Dataset items
────────────────

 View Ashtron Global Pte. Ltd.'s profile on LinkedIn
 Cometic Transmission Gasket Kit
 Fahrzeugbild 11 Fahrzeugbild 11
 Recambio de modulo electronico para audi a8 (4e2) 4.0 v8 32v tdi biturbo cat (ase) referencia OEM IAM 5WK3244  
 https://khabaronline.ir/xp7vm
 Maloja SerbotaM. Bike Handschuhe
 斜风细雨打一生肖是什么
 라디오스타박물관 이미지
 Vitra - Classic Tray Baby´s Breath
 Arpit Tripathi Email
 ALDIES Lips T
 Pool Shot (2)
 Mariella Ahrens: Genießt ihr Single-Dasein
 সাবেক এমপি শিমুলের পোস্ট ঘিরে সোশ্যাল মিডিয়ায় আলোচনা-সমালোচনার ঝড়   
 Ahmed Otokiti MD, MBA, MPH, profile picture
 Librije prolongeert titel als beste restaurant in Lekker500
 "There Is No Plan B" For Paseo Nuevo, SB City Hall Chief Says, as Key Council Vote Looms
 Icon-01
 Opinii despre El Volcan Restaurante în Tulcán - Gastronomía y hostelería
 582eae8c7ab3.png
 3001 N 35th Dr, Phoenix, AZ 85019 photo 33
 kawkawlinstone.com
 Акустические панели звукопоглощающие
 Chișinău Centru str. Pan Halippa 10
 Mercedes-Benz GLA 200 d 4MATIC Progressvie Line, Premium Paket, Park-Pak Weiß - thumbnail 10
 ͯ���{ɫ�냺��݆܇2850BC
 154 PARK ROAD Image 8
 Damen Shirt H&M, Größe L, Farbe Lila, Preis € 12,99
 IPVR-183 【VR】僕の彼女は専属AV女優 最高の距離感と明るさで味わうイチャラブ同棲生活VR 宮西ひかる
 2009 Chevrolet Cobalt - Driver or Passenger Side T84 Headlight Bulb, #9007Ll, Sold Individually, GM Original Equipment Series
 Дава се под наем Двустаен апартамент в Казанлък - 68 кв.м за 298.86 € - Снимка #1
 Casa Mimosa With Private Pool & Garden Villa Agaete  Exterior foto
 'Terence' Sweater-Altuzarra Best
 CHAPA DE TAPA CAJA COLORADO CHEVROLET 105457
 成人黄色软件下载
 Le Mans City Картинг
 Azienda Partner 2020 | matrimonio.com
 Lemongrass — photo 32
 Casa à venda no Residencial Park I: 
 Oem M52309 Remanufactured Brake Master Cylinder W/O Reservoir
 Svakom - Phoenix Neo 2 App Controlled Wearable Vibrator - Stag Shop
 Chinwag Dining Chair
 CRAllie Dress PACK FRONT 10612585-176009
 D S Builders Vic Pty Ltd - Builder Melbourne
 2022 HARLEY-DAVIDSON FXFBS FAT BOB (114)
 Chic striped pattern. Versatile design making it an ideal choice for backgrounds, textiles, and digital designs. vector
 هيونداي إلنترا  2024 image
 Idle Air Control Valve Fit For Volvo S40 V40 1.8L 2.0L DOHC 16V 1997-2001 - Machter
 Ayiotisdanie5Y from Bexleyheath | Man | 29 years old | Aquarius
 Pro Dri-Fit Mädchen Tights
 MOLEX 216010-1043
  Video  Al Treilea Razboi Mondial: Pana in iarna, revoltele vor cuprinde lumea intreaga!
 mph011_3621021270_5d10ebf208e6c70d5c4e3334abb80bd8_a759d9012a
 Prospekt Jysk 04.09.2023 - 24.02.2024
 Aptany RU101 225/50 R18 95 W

────────────────

**Instructions to follow**
Every record is to be retyped exactly as given.

**Result for this task**
 View Ashtron Global Pte. Ltd.'s profile on LinkedIn
 Cometic Transmission Gasket Kit
 Fahrzeugbild 11 Fahrzeugbild 11
 Recambio de modulo electronico para audi a8 (4e2) 4.0 v8 32v tdi biturbo cat (ase) referencia OEM IAM 5WK3244  
 https://khabaronline.ir/xp7vm
 Maloja SerbotaM. Bike Handschuhe
 斜风细雨打一生肖是什么
 라디오스타박물관 이미지
 Vitra - Classic Tray Baby´s Breath
 Arpit Tripathi Email
 ALDIES Lips T
 Pool Shot (2)
 Mariella Ahrens: Genießt ihr Single-Dasein
 সাবেক এমপি শিমুলের পোস্ট ঘিরে সোশ্যাল মিডিয়ায় আলোচনা-সমালোচনার ঝড়   
 Ahmed Otokiti MD, MBA, MPH, profile picture
 Librije prolongeert titel als beste restaurant in Lekker500
 "There Is No Plan B" For Paseo Nuevo, SB City Hall Chief Says, as Key Council Vote Looms
 Icon-01
 Opinii despre El Volcan Restaurante în Tulcán - Gastronomía y hostelería
 582eae8c7ab3.png
 3001 N 35th Dr, Phoenix, AZ 85019 photo 33
 kawkawlinstone.com
 Акустические панели звукопоглощающие
 Chișinău Centru str. Pan Halippa 10
 Mercedes-Benz GLA 200 d 4MATIC Progressvie Line, Premium Paket, Park-Pak Weiß - thumbnail 10
 ͯ���{ɫ�냺��݆܇2850BC
 154 PARK ROAD Image 8
 Damen Shirt H&M, Größe L, Farbe Lila, Preis € 12,99
 IPVR-183 【VR】僕の彼女は専属AV女優 最高の距離感と明るさで味わうイチャラブ同棲生活VR 宮西ひかる
 2009 Chevrolet Cobalt - Driver or Passenger Side T84 Headlight Bulb, #9007Ll, Sold Individually, GM Original Equipment Series
 Дава се под наем Двустаен апартамент в Казанлък - 68 кв.м за 298.86 € - Снимка #1
 Casa Mimosa With Private Pool & Garden Villa Agaete  Exterior foto
 'Terence' Sweater-Altuzarra Best
 CHAPA DE TAPA CAJA COLORADO CHEVROLET 105457
 成人黄色软件下载
 Le Mans City Картинг
 Azienda Partner 2020 | matrimonio.com
 Lemongrass — photo 32
 Casa à venda no Residencial Park I: 
 Oem M52309 Remanufactured Brake Master Cylinder W/O Reservoir
 Svakom - Phoenix Neo 2 App Controlled Wearable Vibrator - Stag Shop
 Chinwag Dining Chair
 CRAllie Dress PACK FRONT 10612585-176009
 D S Builders Vic Pty Ltd - Builder Melbourne
 2022 HARLEY-DAVIDSON FXFBS FAT BOB (114)
 Chic striped pattern. Versatile design making it an ideal choice for backgrounds, textiles, and digital designs. vector
 هيونداي إلنترا  2024 image
 Idle Air Control Valve Fit For Volvo S40 V40 1.8L 2.0L DOHC 16V 1997-2001 - Machter
 Ayiotisdanie5Y from Bexleyheath | Man | 29 years old | Aquarius
 Pro Dri-Fit Mädchen Tights
 MOLEX 216010-1043
  Video  Al Treilea Razboi Mondial: Pana in iarna, revoltele vor cuprinde lumea intreaga!
 mph011_3621021270_5d10ebf208e6c70d5c4e3334abb80bd8_a759d9012a
 Prospekt Jysk 04.09.2023 - 24.02.2024
 Aptany RU101 225/50 R18 95 W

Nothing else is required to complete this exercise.